▸ **Prompt**:
After finding the line that holds "Серый Мерседес 320, объемом" below, set down that line and the rest through the final one exactly, leaving the pictures out.

▸ **Data provided**:
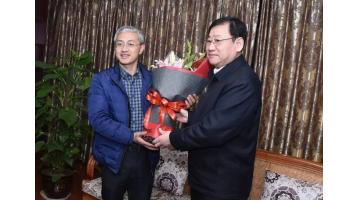 南寧市委書記王小東走訪慰問(wèn)博世科總經(jīng)理宋海農(nóng)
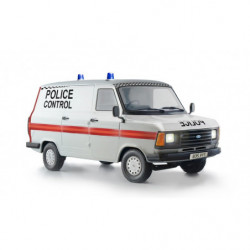 ITALERI FORD TRANSIT UK POLICE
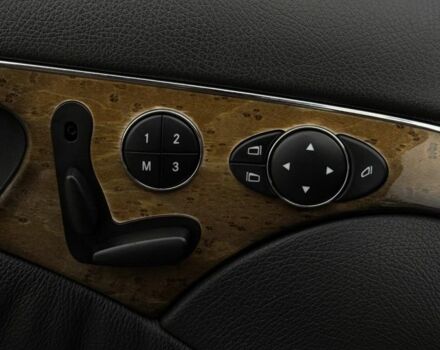 Серый Мерседес 320, объемом двигателя 3.2 л и пробегом 270 тыс. км за 8700 $, фото 6 на Automoto.ua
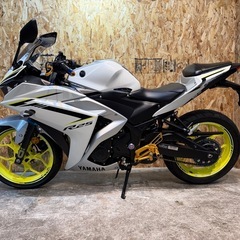 【YSP購入ワンオーナー!!／RG43J型モデル!!🔥🙆🏽】在庫有◎綺麗なYZF-R25が入庫しました!!の画像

▸ **Exercise response**:
 Серый Мерседес 320, объемом двигателя 3.2 л и пробегом 270 тыс. км за 8700 $, фото 6 на Automoto.ua
 【YSP購入ワンオーナー!!／RG43J型モデル!!🔥🙆🏽】在庫有◎綺麗なYZF-R25が入庫しました!!の画像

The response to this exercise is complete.